• _EXERCISE GOAL_: At the line with "European Style Curtains", start transcribing; stop after the last line of the data below. Keep it exact and leave pictures out.

(Pictures with short captions)
=== Section Start ===

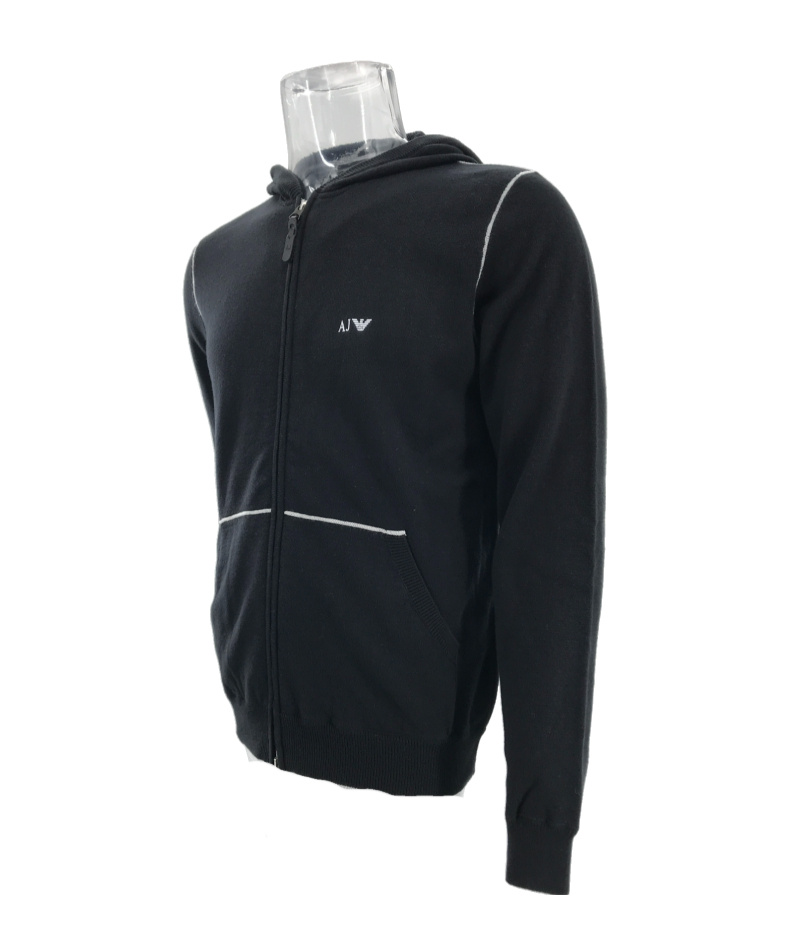 ARMANI JEANS HOODED LONG-SLEEVED KNITTED JACKET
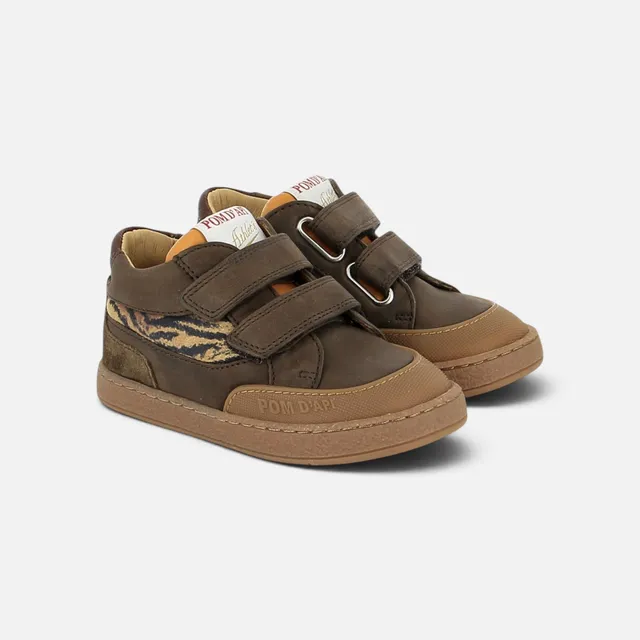 pom-d-api-mousse-backy-basket-enfant-cuir-brun-multi image 1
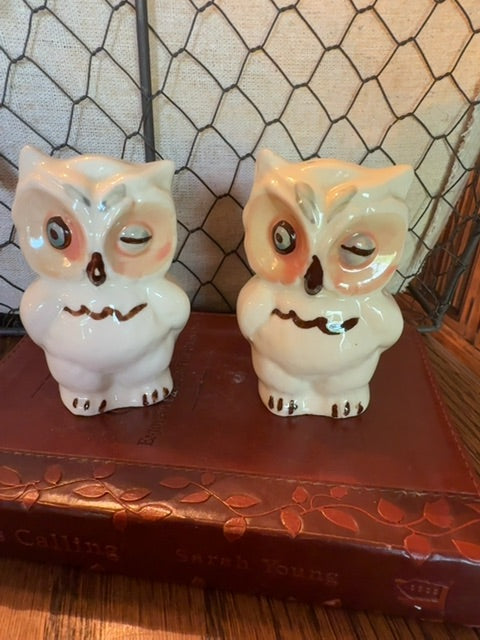 Shawnee Pair Owl Shawnee Salt & Pepper 3" Shakers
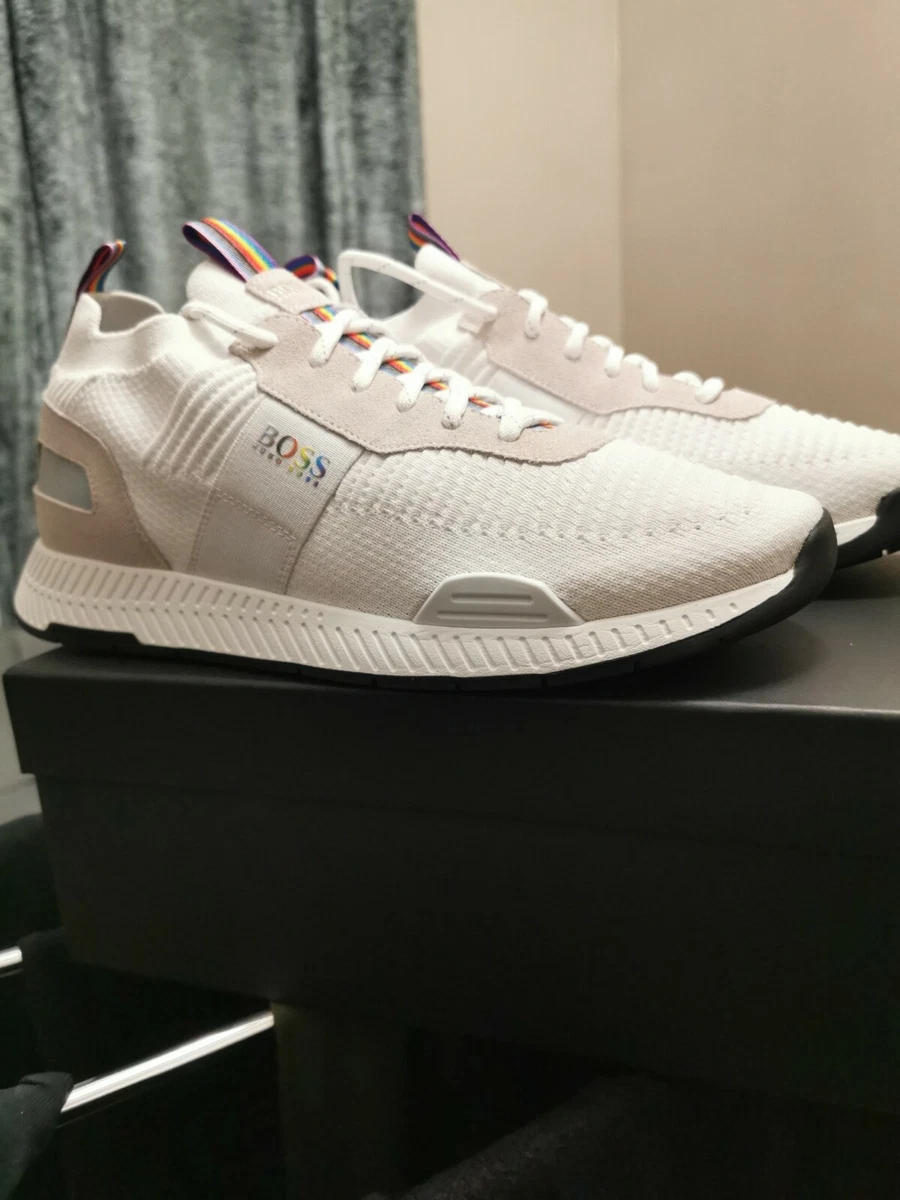 Mens hugo boss titanium runn white trainers size 11 brand new boxed rrp 199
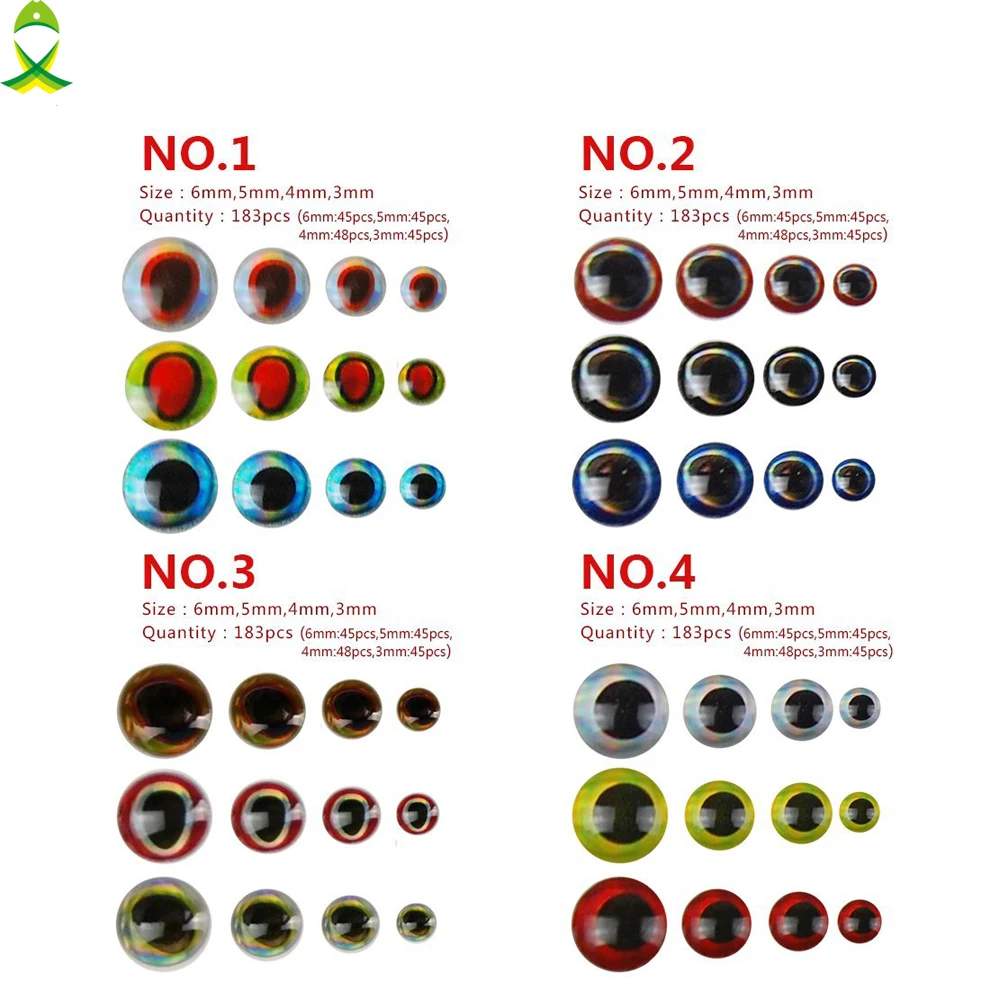 JSM 183pcs/lot 3mm 4mm 5mm 6mm mixed sizes bionic 3D epoxy fishing eyes resin artificial lure 3D eyes fly lure material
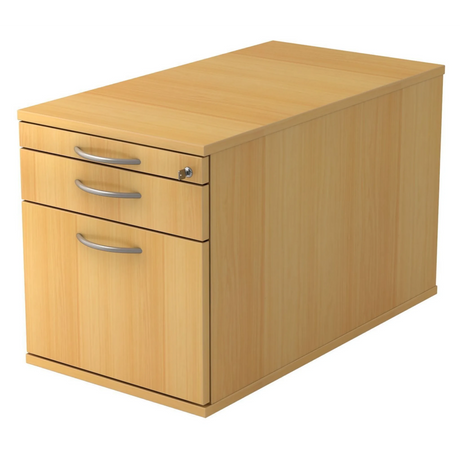 Rolcontainer SIGNA TC20 in beukenlook met drie laden, booggrepen en slot van hjh OFFICE PRO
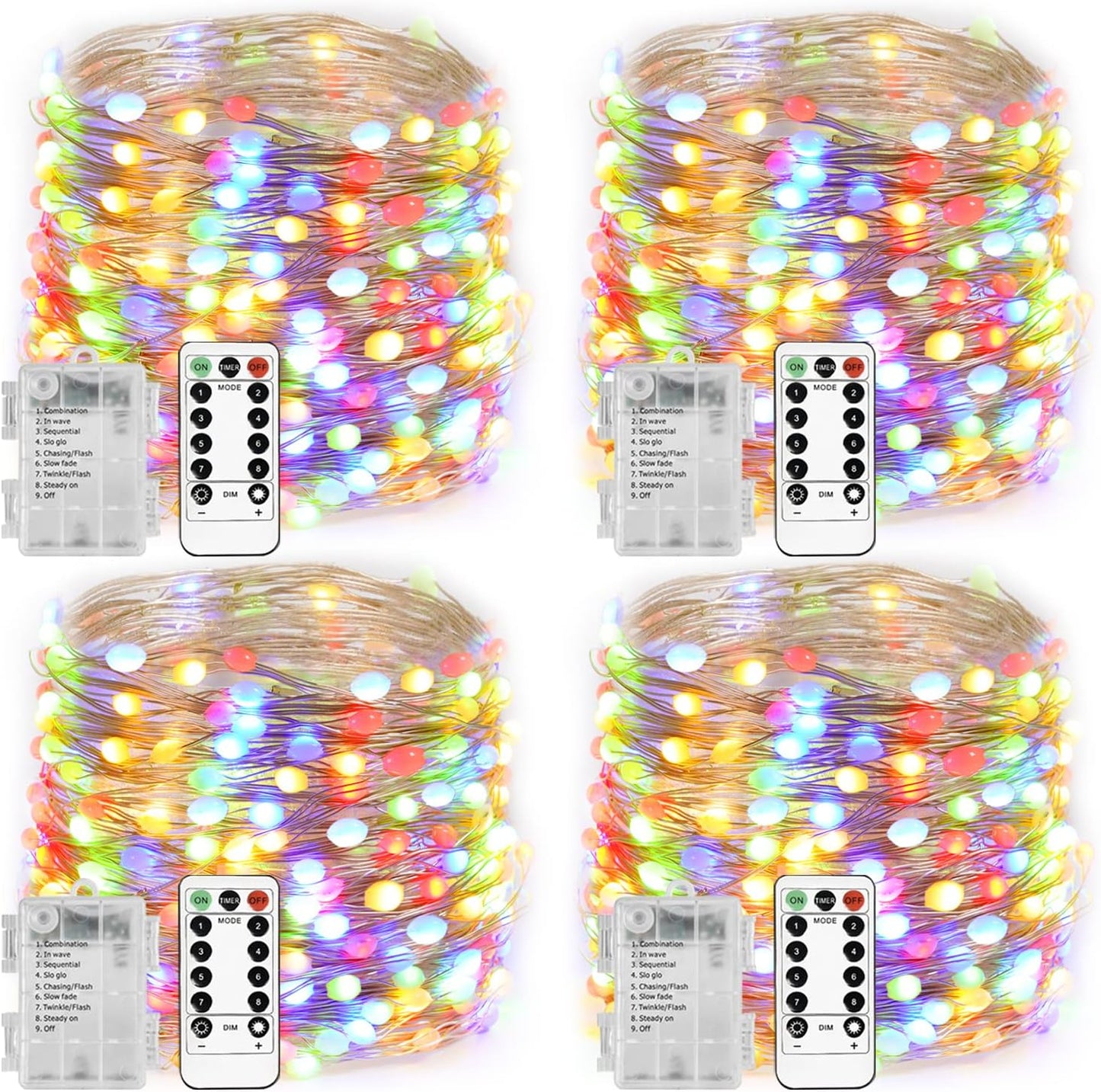 Homemory 4 Pack 20 Ft 60 LED Fairy Lights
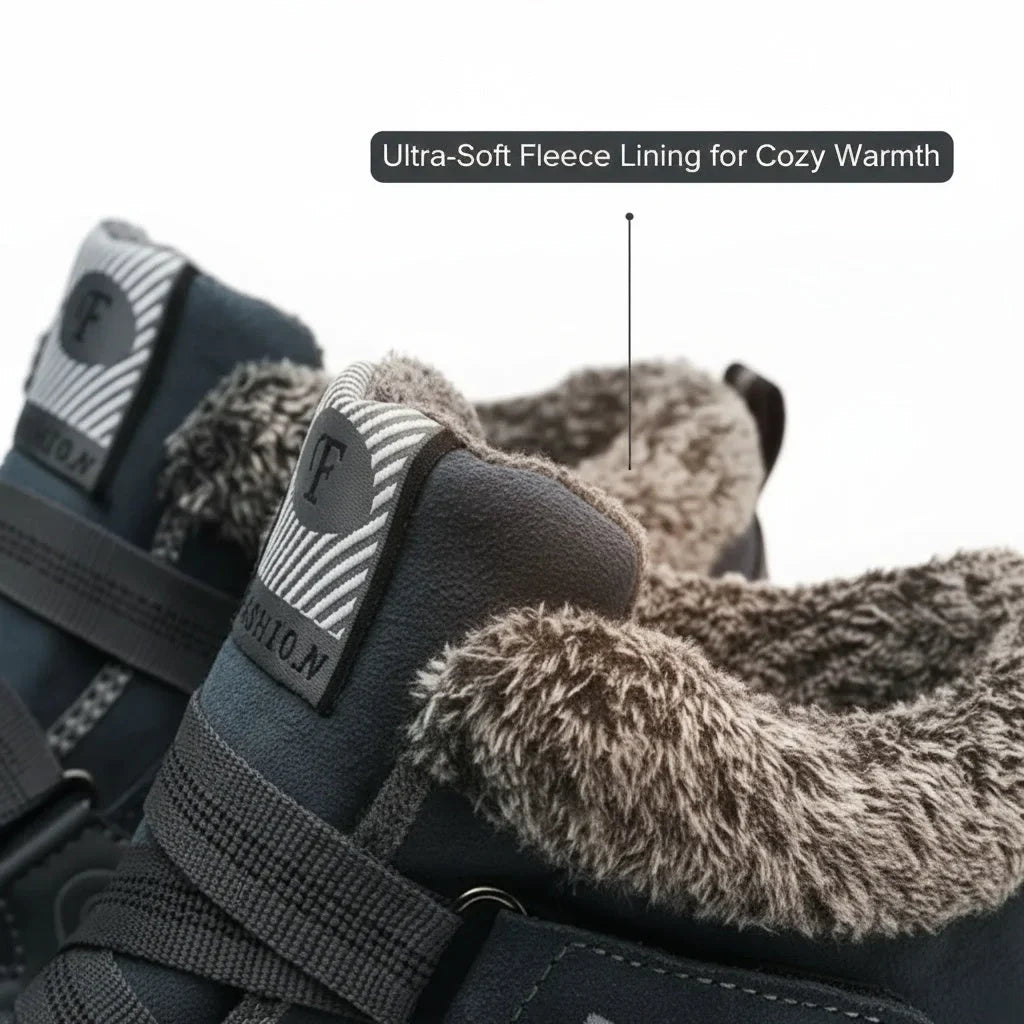 Women's Comfort Winter Boots – Fur-Lined Collar And Strap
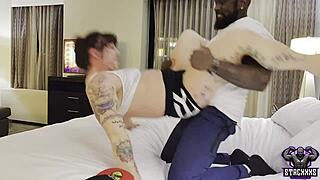 Bodybuilder milf housewife ecko belle wrestles interracial cock with bent over doggystyle riding.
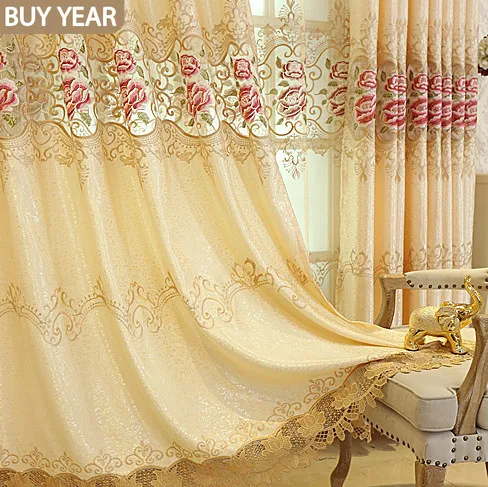 

European Style Curtains for Living Dining Room Bedroom Beige Peony Embroidery Not Hollow Curtains Tulle Finished Customization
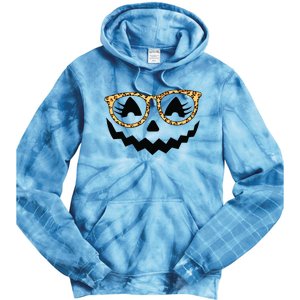 Jack O Lantern Face Pumpkin Halloween Leopard Print Glasses Tie Dye Hoodie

=== Section End ===

• _OUTPUT BELOW_:
European Style Curtains for Living Dining Room Bedroom Beige Peony Embroidery Not Hollow Curtains Tulle Finished Customization
 Jack O Lantern Face Pumpkin Halloween Leopard Print Glasses Tie Dye Hoodie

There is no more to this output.